Wednesday, July 16, 2014

Logic Lessons pt 11 - Rules for Definitions

At our last session we discussed the nature of definitions.  Now here are the rules.

     Definitions must be:

  1. Coextensive with thing defined (neither too narrow nor too broad)
    To define "triangle" as "plane figure" or human as "animal" is problematic because, while true, the definition is too broad.  "Plane figure" could include non-triangles like squares and trapezoids.  "Animal" could include non-humans like orangoutangs, armadillos, and duck-billed platypuses.  

    But to define "triangle" as "3-sided, enclosed plane figure whose interior angles equal 180 degrees and lines are equal to each other," is also problematic because it excludes triangles whose 3 lines are not equal (e.g. right triangles).  To define "human" as "rational male animals" is too limiting because it excludes women from the definition of human.  

    Definitions need to be precise so as not to confuse.  The more precise we are in our definitions, the easier time we will have in talking with each other.  

    This is the hardest of the rules to obey.

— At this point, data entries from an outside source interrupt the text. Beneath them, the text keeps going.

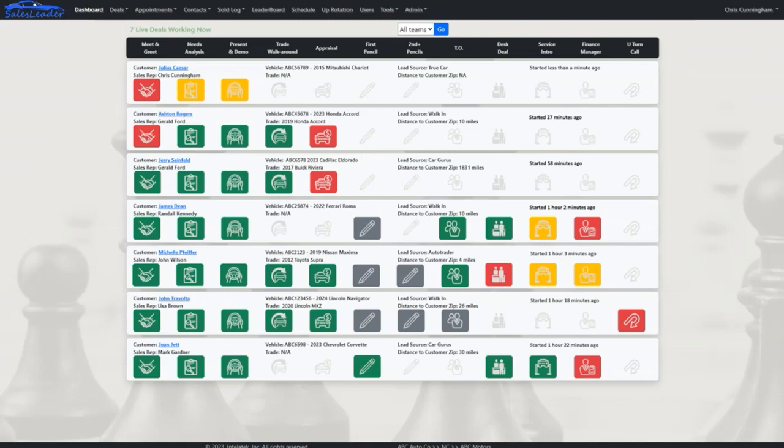Finance managers were notified that there is a deal ready and the sales rep should be introducing the customers to the service department. The next deal is close on the numbers and is being submitted to the banks by the desk. You can see on the next deal the sales rep presented two pencils before the floor manager came out to T.O. the deal but was not able to get an agreement on numbers.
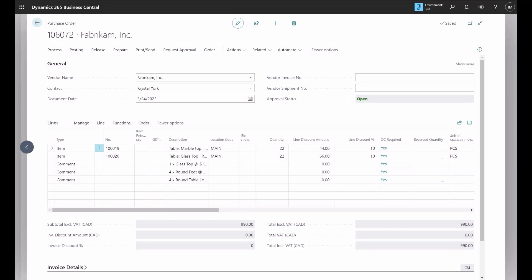This will conclude the video tutorial for using the purchase price list. As I mentioned, the similar steps apply to sales price list. This concludes our session on purchase price list.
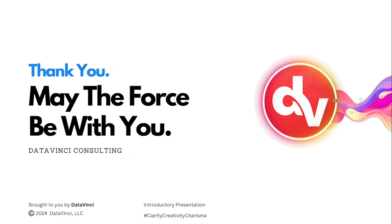So this is it for this video guys. Do let us know if you have any queries or questions. You can comment this down, give us a like and subscribe. Thank you, may the force be with you.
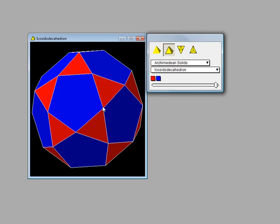Not only does every vertex have the same degree, which is four, but every edge is also identical. Every edge has a triangle meeting a pentagon, which gives it extra symmetry.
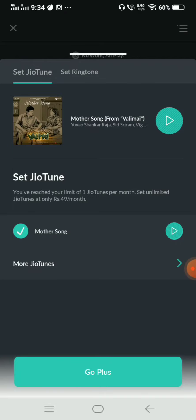That is the GeoTune set. You can set the GeoTune set if you want to call and check. Okay guys, this is how you can do it. If you have any questions, you can use the comment section. Okay guys, bye!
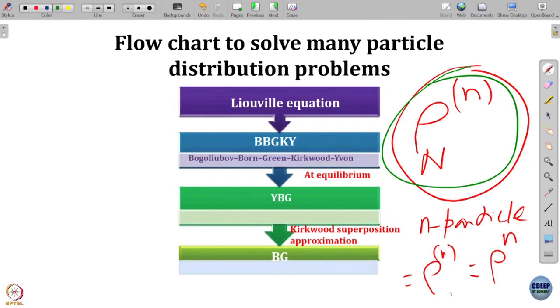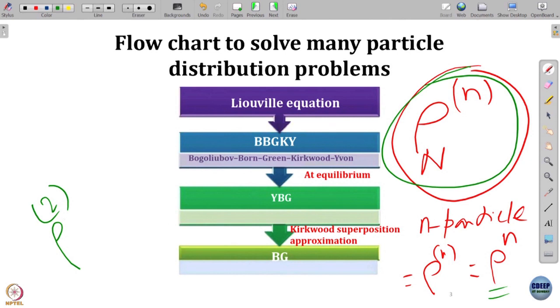If the particles are not correlated at all — that is the gas phase — then ρ_n becomes ρ to the power n, meaning they are independent. This ρ_n is a joint probability distribution. In a crystal, if I know one particle position, I know all other particle positions uniquely. In a liquid, that is in between: having one particle here, the probability of having another particle in a given position can be more or less than average. That is where the radial distribution function comes in.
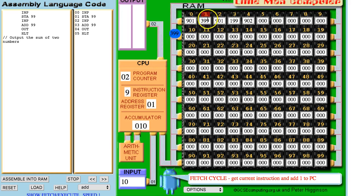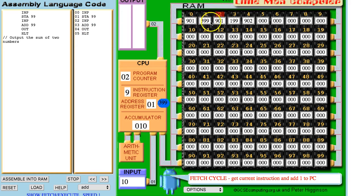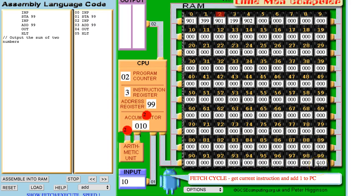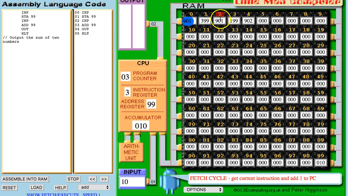We're fetching the current instruction from position 1, which is 399. 3 represents store and 99 represents the mailbox to get that data from. So we're storing whatever was in the accumulator into mailbox number 99. Once that instruction has been executed, we fetch the next instruction. You'll see that the program counter is already incrementing to position 3. We're going to get the input instruction from mailbox 2.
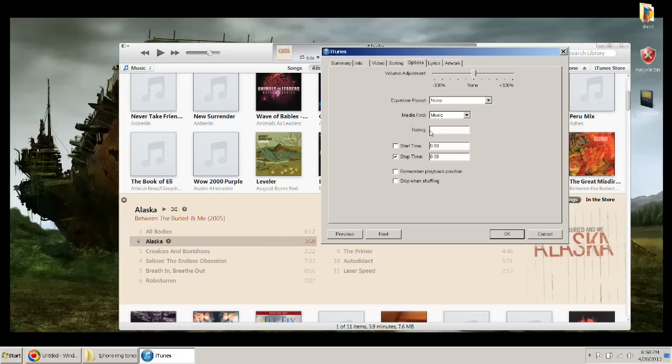once you've figured that out, what part of the song you want to start and end at that you want for your ringtone, you hit OK,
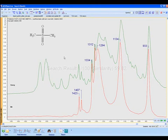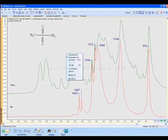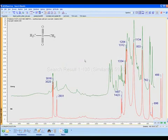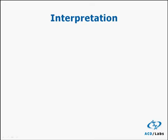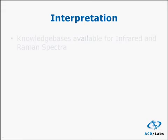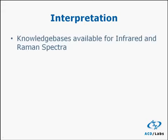To return to a full view, right-click and select Zoom All. We'll now take a look at some of the tools that help us to interpret spectra. We have knowledge bases of infrared and Raman spectra.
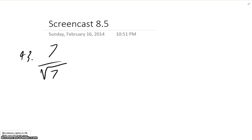I will be doing problem 43 from 8.5. The problem is 7 over the square root of 7, and we need to get the radical out of the denominator.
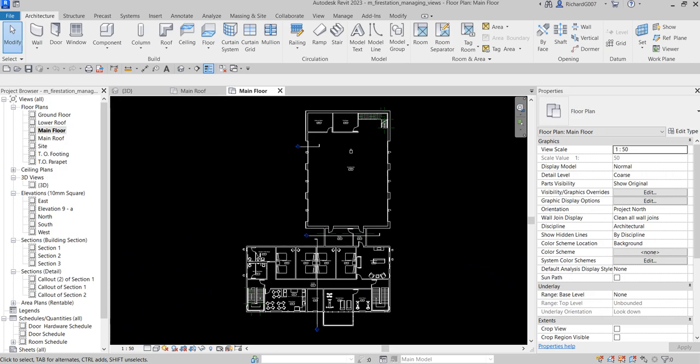Hey, what's up guys, Learning with Rich here. In this video we are going to do some exploration of our views in our fire station model. We are going to modify some view properties and explore some tools to view our model.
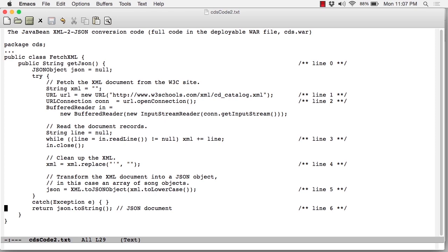This code is fairly straightforward. It's about as minimal as you could hope for. The conversion of XML to JSON is straightforward—it's basically a one-liner in Java.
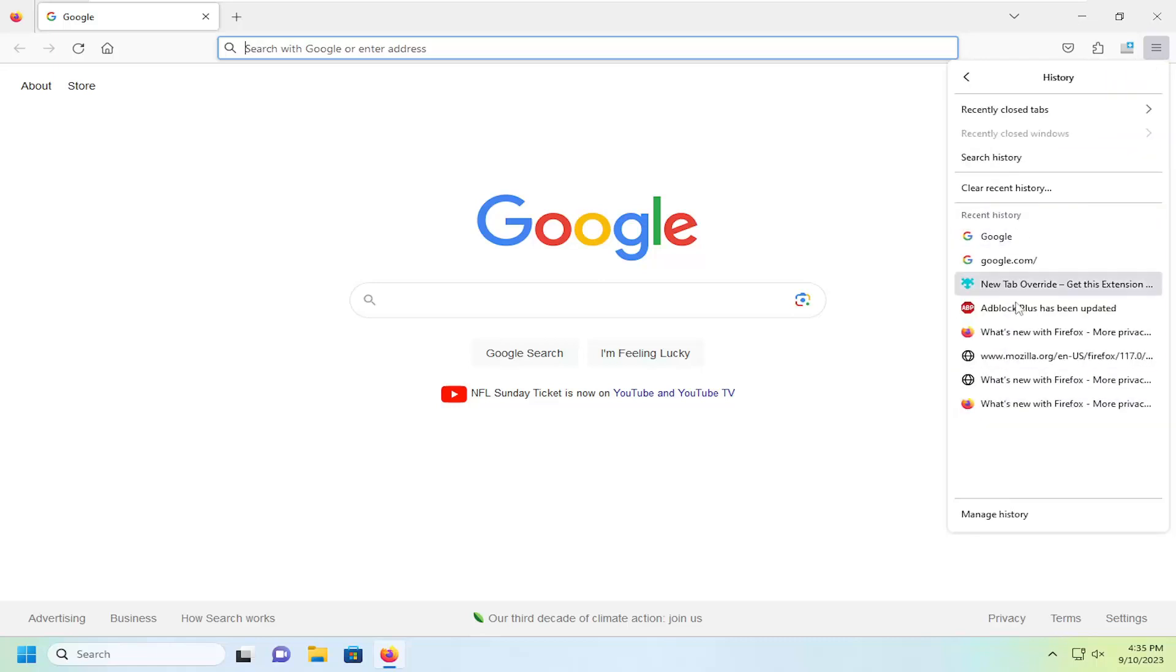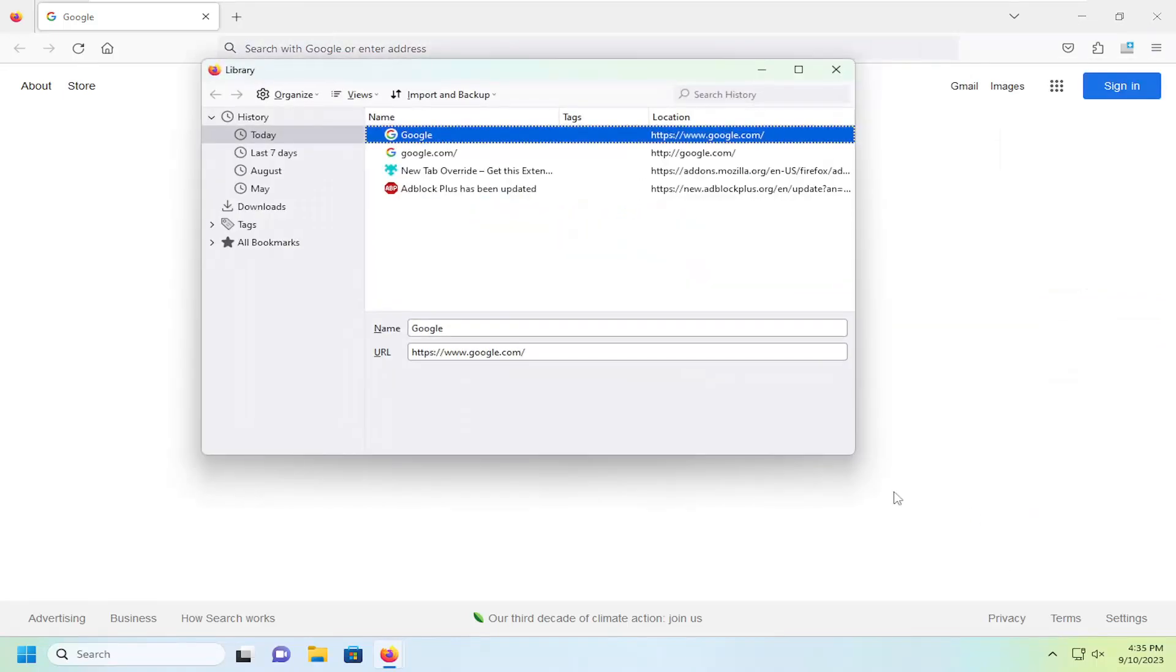So you should have recent history listed directly under here. But if you want to see more history, you can select the manage history button at the bottom of this list.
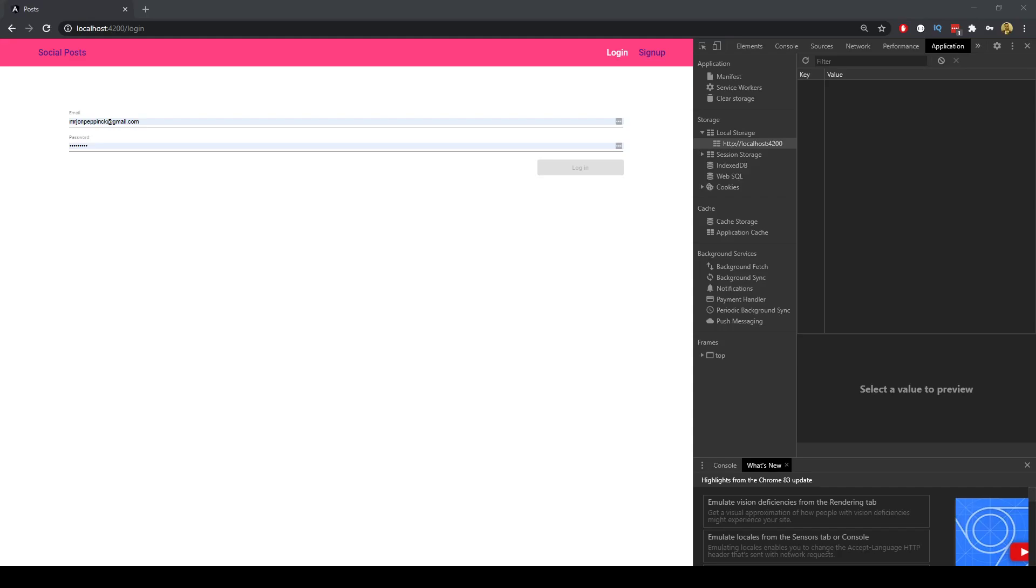Welcome to this video series in which we will create a login system using Angular, Node and MySQL. Here I want to demonstrate what we will be doing in this video series.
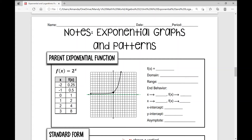Let's get started on today's notes over exponential graphs and patterns. The first thing we're going to do is review the parent exponential function. The parent exponential function is f of x equals 2 to the power of x. In an exponential function, the variable x is the exponent.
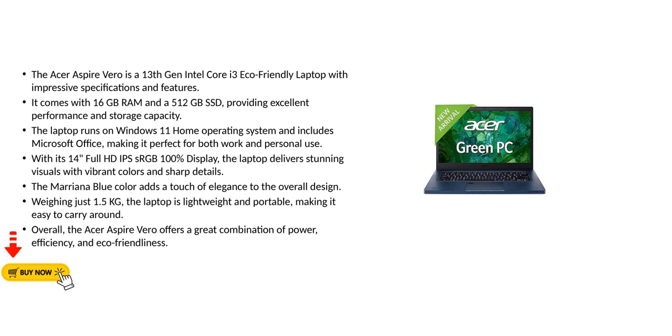The Acer Aspire Vero is a 13th Gen Intel Core i3 eco-friendly laptop with impressive specifications and features. It comes with 16GB RAM and a 512GB SSD, providing excellent performance and storage capacity.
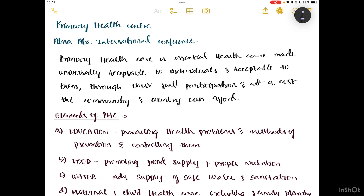I will talk about primary health care. According to the Alma-Ata International Conference, primary health care is nothing but the people of the community participating for their own health services, provided at a cost which the community can afford. Primary health care is essential health care made universally acceptable to individuals through their full participation and at the cost which the country and the community can afford.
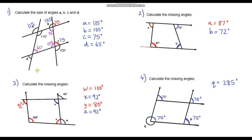Upon editing the video, I noticed that when calculating angle D in question one, I used angles in a quadrilateral summing to 360 degrees. But what I could have done is noticed that the 115-degree angle and that other angle are co-interior, so as soon as I knew 115 degrees I could have said that angle was 65 degrees straight away. It just goes to show there are lots of different ways to calculate the same thing and you should always get the same answer.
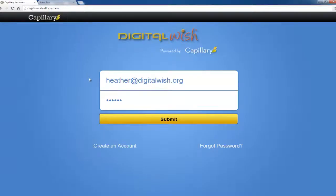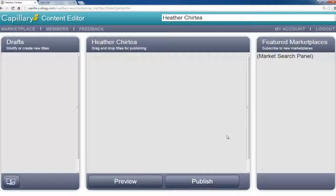Then put in your email address and type in your password and just click the submit button. The system will take you right to your marketplace where you can start building an ebook.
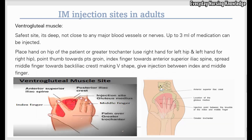Third is the ventrogluteal muscle of the hip. This is the safest site because it is deep, not close to any major blood vessel or nerves, and up to three ml of medication can be injected into this site.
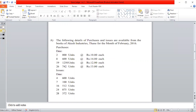The following details of purchases and issues are available from the books of Akash Industries for the month of February 2016. We are preparing the store ledger account for the month of February 2016, recording all purchase and issue transactions.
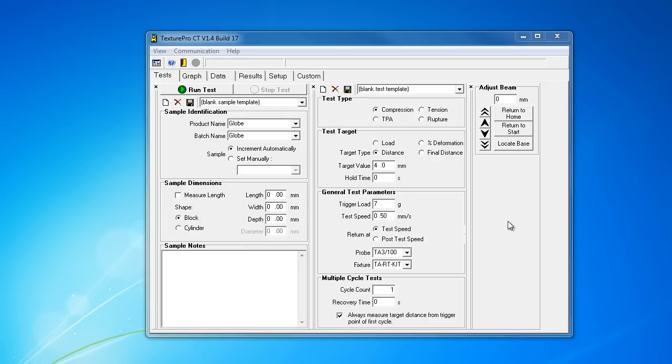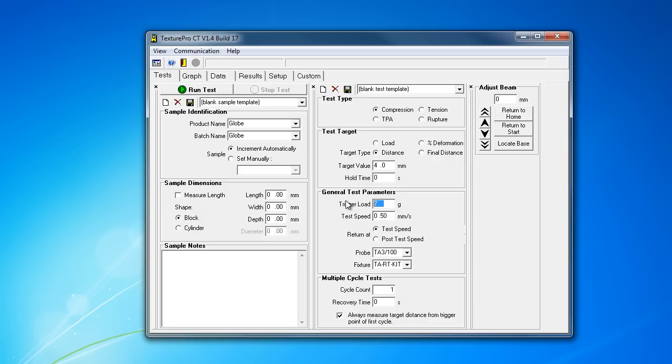That last test was a false trigger. I'm just going to bump up our trigger load here. The manual for the 50-kilogram CT3 load cell claims it should use a 50-gram trigger force. In my experience, that's a pretty high recommendation for a modern texture analyzer. You're probably going to get better data if you use something like a 20-gram.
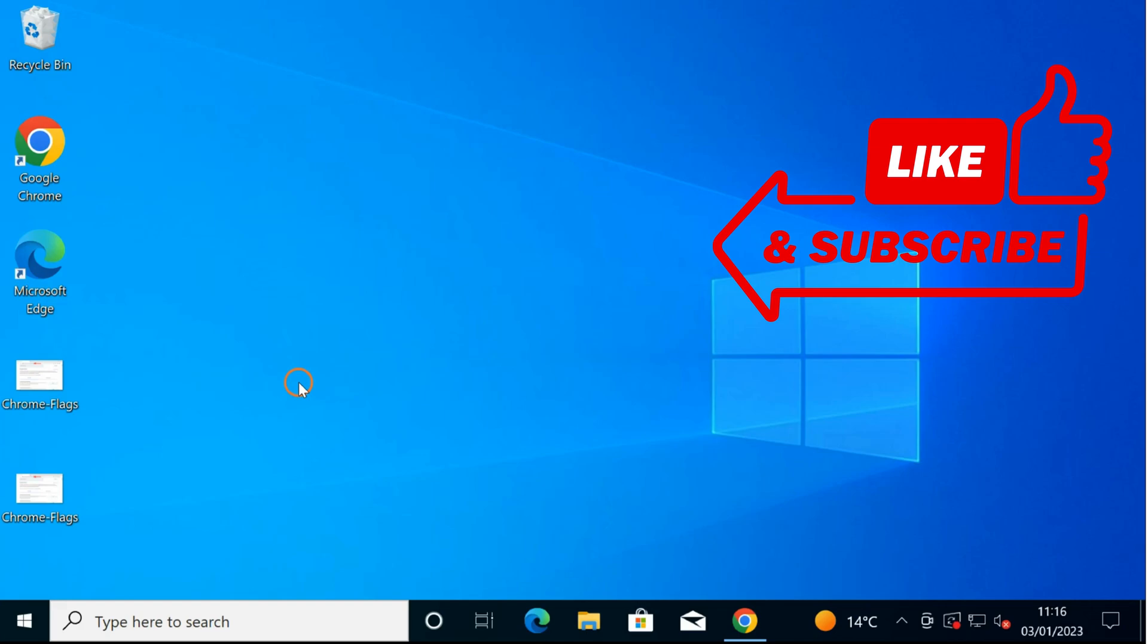If you have not subscribed to Gear Up Windows YouTube channel yet, do hurry up. A lot of videos are in queue. Thank you, see you in the next video.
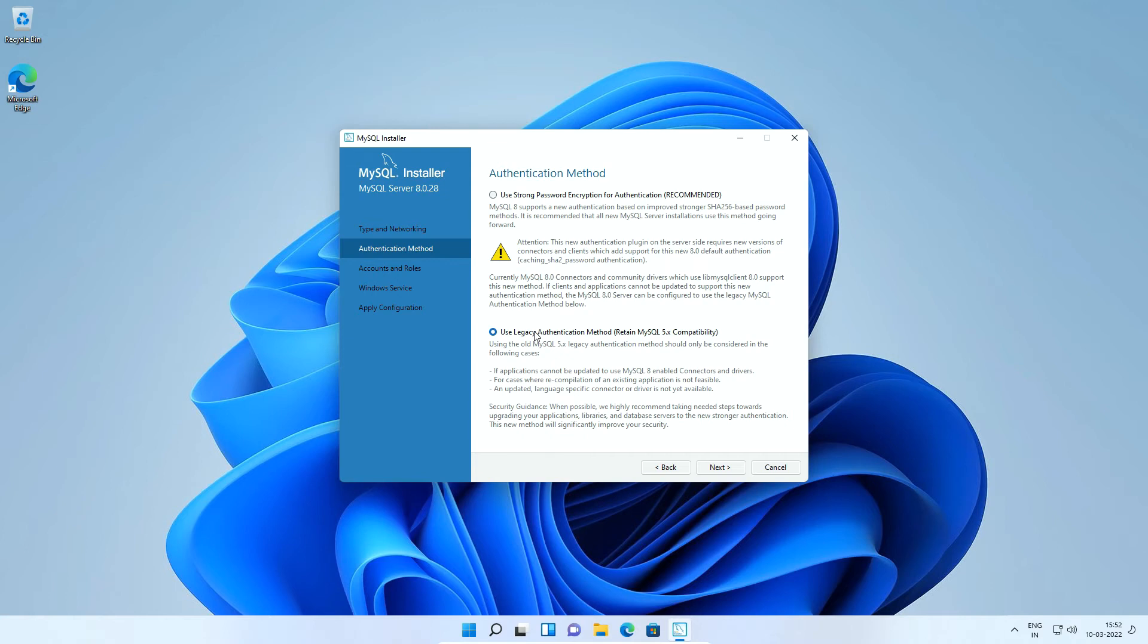In our case, we don't need MySQL 5 compatibility. So I will use the latest password encryption method and click next.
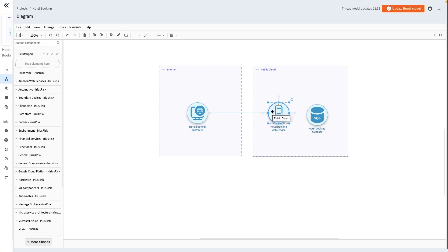In the same way, using the arrows, add the data flow from the web service to the database. This will help us visually depict the process of customer data being transmitted and ultimately stored in our SQL database.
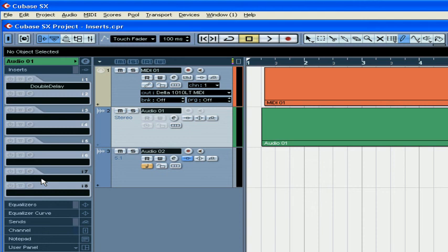And for more information on group channels, effects channels, and the freeze function, see the previous segments of this course. This concludes our segment on inserts.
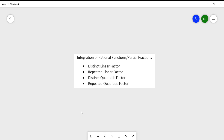Hello everyone. For today's discussion we will be talking about the integration of rational functions, or partial fractions. Partial fractions has four types: the distinct linear factor, the repeated linear factor, distinct quadratic factor, and the repeated quadratic factor. In this video we will be discussing an example of a distinct linear factor.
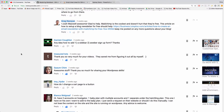Hey guys, it's Greg and welcome back to Comment Shorts where we answer your YouTube comments in the form of a short video. Today's comment comes from Damien who asks any idea how to add a sidebar to an AWeber signup form on the Sydney theme, which is where he asked that question. Thanks, love it Damien — the old one-two punch.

    In fact, I just had a phone call from Rick O., who criticized my inclusion of Clerks: The Animated Series into my top 25 sitcoms of all time.  

    The thrust of the argument centered around my criteria (i.e. definition) of what makes a great TV sitcom.  He thought my definition was too broad because Clerks had only 6 episodes and was less in total length than most movies.  I said his definition was too narrow, because there were many great shows that only last a short amount of time (Firefly, Freaks and Geeks).  

    By the end of the discussion, he understood my reasoning a little better.  "Your thinking is consistent," he concluded, "but awful."  The point is that even though we disagreed, we at least understood each other better because we were better able to define more precisely our definitions and articulate how we thought the other violated this first rule.

  2. Clear, not obscure
    Clarity in definition is important.  If you say that a "quarvat" is "an 8523rd century version of a Gravity Rod," you have a coextensive definition, but unless you are fan of James Robinson's writing, the definition is too obscure to matter.  Clarity requires you to put the commons sense of the definition as plainly as possible and as accessibly as possible.

  3. Literal, not metaphorical
    "Writing a novel is like giving birth."  There is great truth in that statement, but that is a terrible definition of novel writing.  "Lies are a tangled web."  Again, a true aphorism, but it is a bad definition because it uses metaphor.  I know now what writing a novel and lies are like, but I don't, from these definition, know what they are.

  4. Brief, not long
    This may not always be possible.  But you want to give the simplest version of the definition because it will be the easiest to understand and therefore the easiest to either accept of refute.

  5. Positive, not negative (if possible)
    Negative definitions tend to be too broad.  If you say "human" is "any creature that is not rational" becomes problematic because it excludes angels.  

    The only time to use a negative definition is for something negative.  "Darkness" can only be defined by a negative: "Absence of light."  "Never" = "Not ever."

  6. Not Circular: term defined cannot appear in the definition
    If I were to say that a "quarvat" is a "quarvat-shaped object," you will not have learned anything because you are using the word you are trying to define inside of your definition.  You need to predicate something new about your subject in a definition in order for it to have any meaning.